Many big record labels made contact with 1212, offering Paul C a deal to join them, but he wasn’t ready to commit, and wanted to maintain the musical freedom that he had enjoyed so far in his career, working with whom he wanted and when he wanted. Paul’s rebelliousness was born out of a desire to make hip-hop about more than just sampling; he would play keyboards and add his own basslines. He took drums and tore them apart, creating new speed and time patterns; he was soundscaping. Paul C was not hip-hip, he was music.
By now Paul was already working with William Paul Mitchell, then known as Paul Juice, a 15 year-old kid with a group called ‘Main Source’ and a potential protégé for Paul C. He later changed his name to Large Professor. Main Source were already working on their album ‘Breaking Atoms’, a classic that was created with the collaboration of Paul C. At this time Paul reached out to a person he was a huge fan of, and through a mutual friend made contact with the rap god himself, Rakim. They tracks they worked on were released after Paul’s death; ‘Let the Rhythm Hit ‘em’ became an instant classic and many believe that, had Paul lived, the album would have been far better. Due to Paul’s untimely death, some of the tracks had to be taken from cassette tapes and put back into the sampler in order to create a proper arrangement.
After Biz Markie completed his first album with Marley Marl he went in search for a new collaborator, and in Paul he found him, working through the night to get ‘Just a Friend’ right. The connections keep coming up – Marley and Rakim worked in ‘Eric B is President’, Biz Markie and Marley on ‘Goin’ Off’, and the comment from Marley about Paul’s mixing – Paul C and Marley Marl were the twin towers of hip-hip at this point, later becoming pillars on which future generations would stand.
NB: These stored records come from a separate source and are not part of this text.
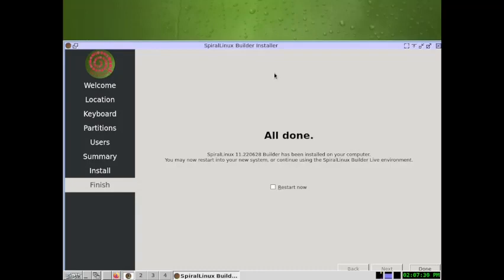In the next video, I will show you how to use the Synaptic package manager to choose and install the desktop of your choice. I'll stop the video here — see you in the next video. Bye-bye.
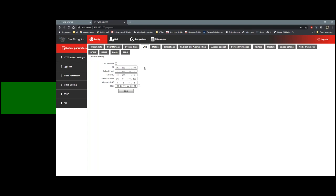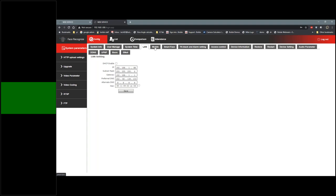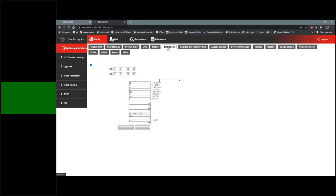Basic information includes subnet mask, your gateway (which is your router), and your preferred DNS. There's also a mobile access tab that will be available in a future software update — it's already in the GUI. Next is the SmartPass menu, which is a really important menu to go through.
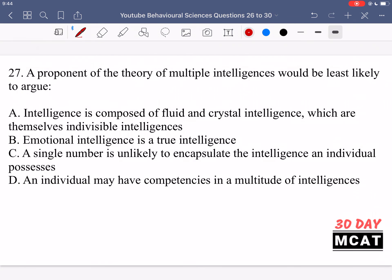In question 27, it says a proponent of the theory of multiple intelligences would be least likely to argue what? The theory of multiple intelligences says we have many different forms that intelligence can take, instead of just the normal one — like doing well on a test or problem solving. It's not just book smarts. Intelligence can also be musical intelligence, mathematical intelligence, or kinesthetic intelligence — knowing your body and how it moves in space.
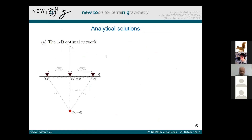Now I go to the analytical solutions that we developed. The first analytical solution is a 1D network — in this case, we have three gravimeters on a line. We assume that the source of mass change is in a plane, and for such a problem we can calculate the determinant analytically and minimize the uncertainty. In the end, we find that the optimal configuration is one gravimeter right above the source and two at distances equal to the square root of 3 over 7 times d, where d is the depth of the point mass.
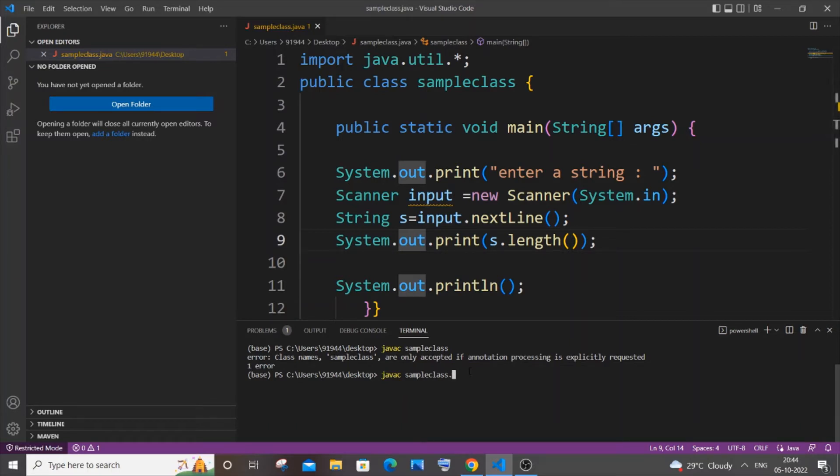I will just type .java over here. Another thing that you need to focus on is that the 'j' in .java should be a small letter, it shouldn't be a capital letter.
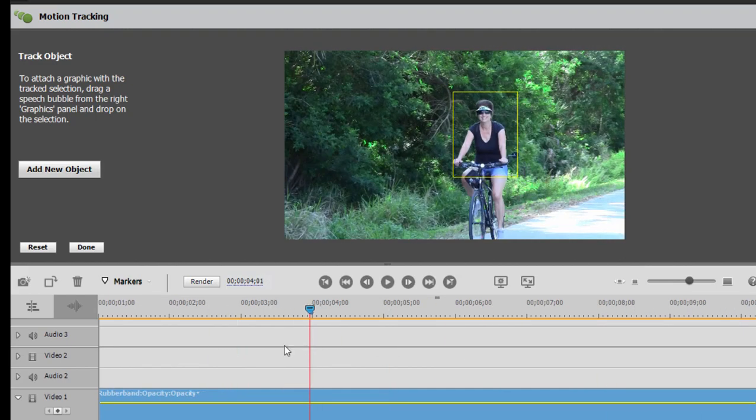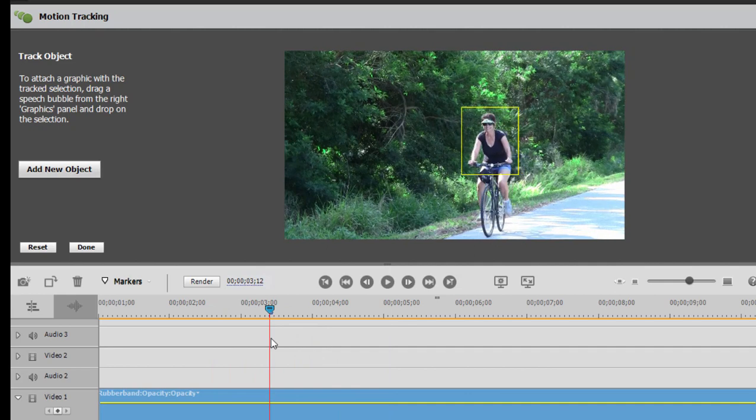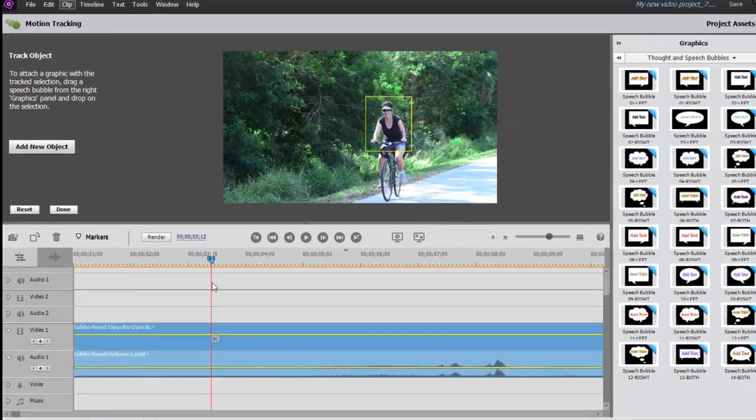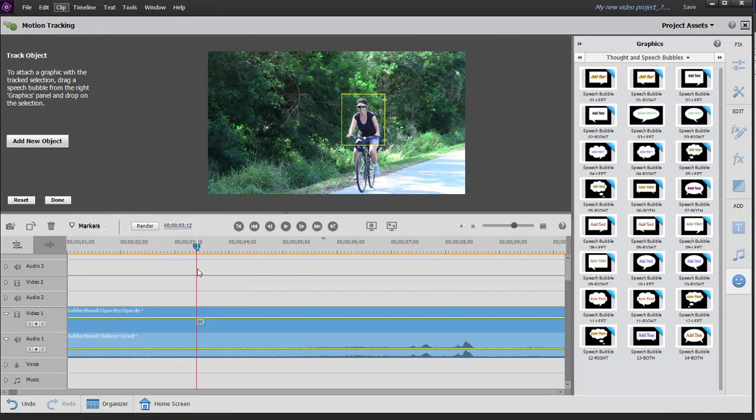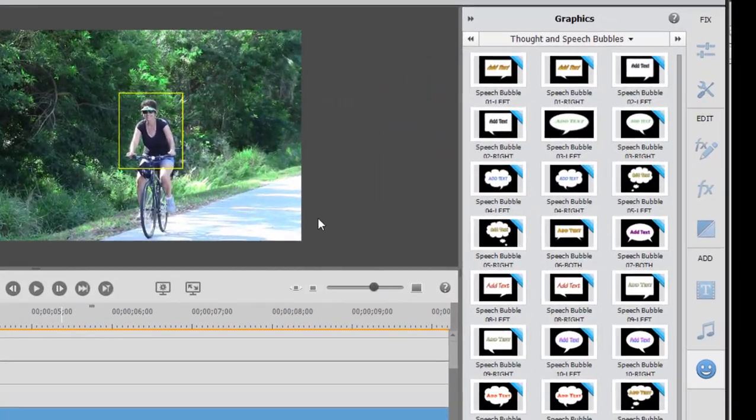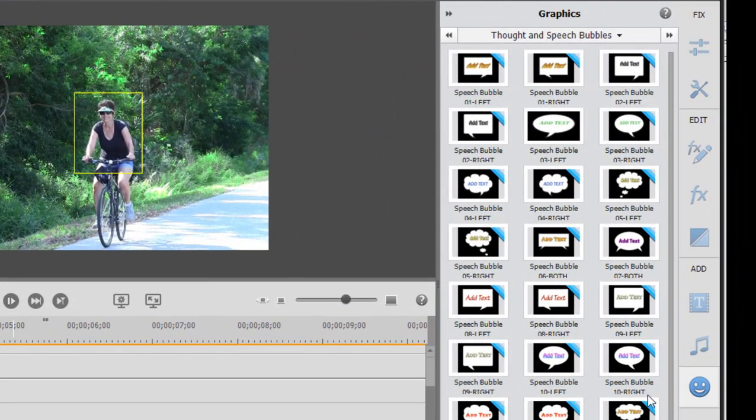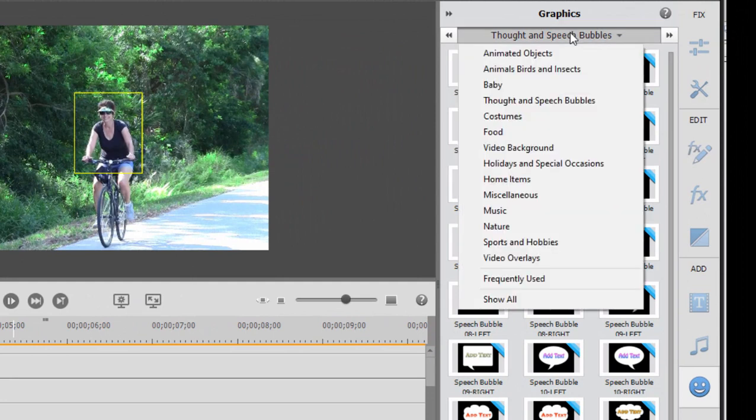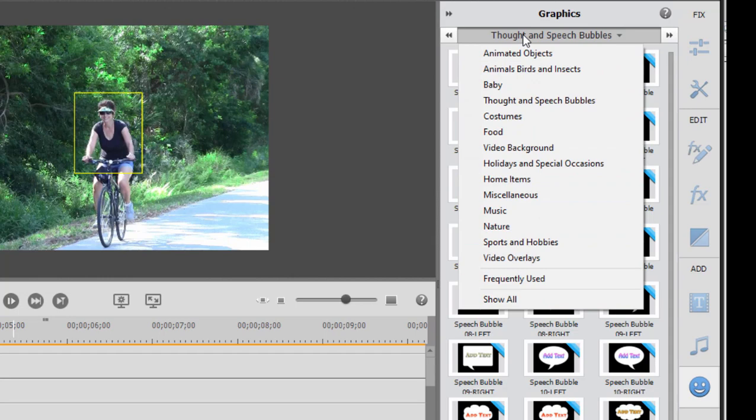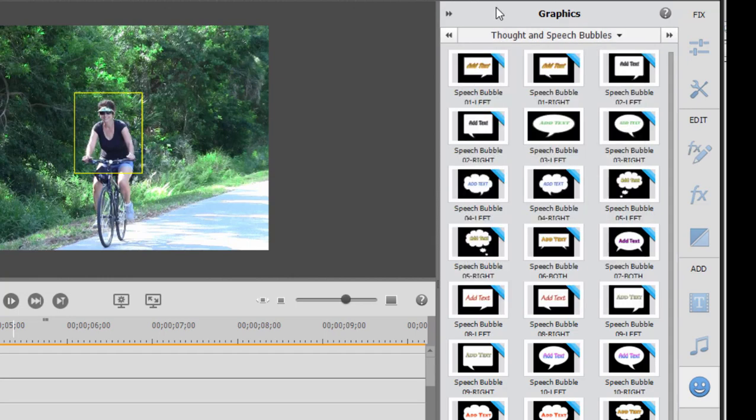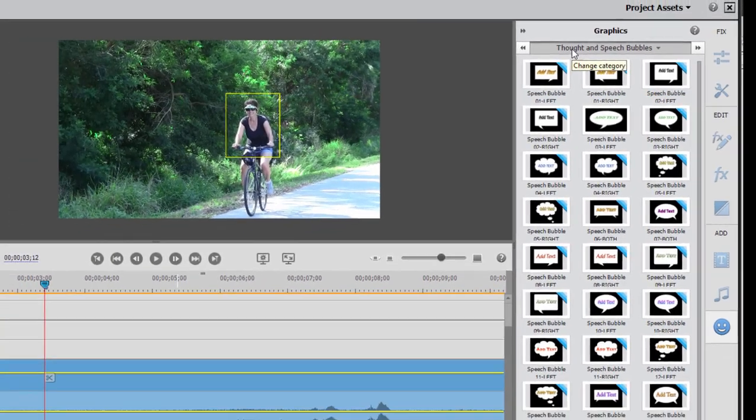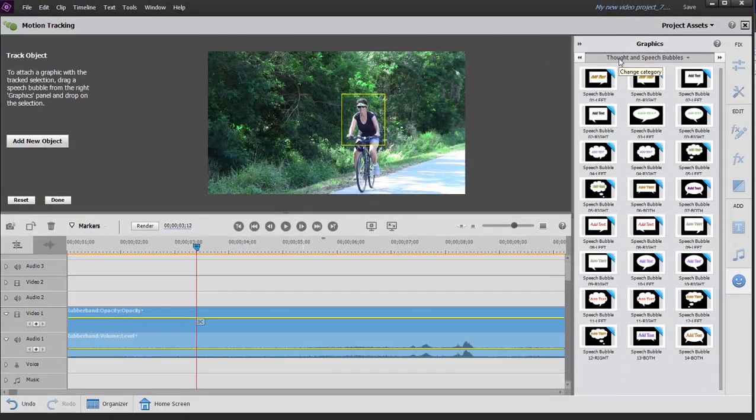But we can follow her now with our track object. By the way, you can have several tracks running on a single clip at one time. But that's a whole other tutorial. Now you notice that by default, the graphics menu opens up here on the right. And there are 300 graphics in here, many of these animated, that you can overlay onto the track. It opens by default here into one of my favorites, Thought and Speech Bubbles. But we'll get to that in a moment.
Paul had worked with the label ‘Tommy Boy’ on an unreleased album by the group ‘Too Poetic’ (led by the rapper of the same name, who later found fame with the group ‘Gravediggaz’), and when they approached him to work with Queen Latifah on the album ‘All Hail the Queen’, he didn’t have to think for long. He worked on two tracks, ‘Ladies First ft. Movie Love’ and ‘A King and Queen Creation ft. DJ Mark, the 45 King’.
Should you know about Paul C? If you love music, you should know about Paul C. These are just fragments of his story, pixels in a much more complex picture. Who is Paul C? Paul C McKasty is musician, unity, non-bias, Music and more so Hip Hop Music.
Never forget your heroes. Never forget Paul C.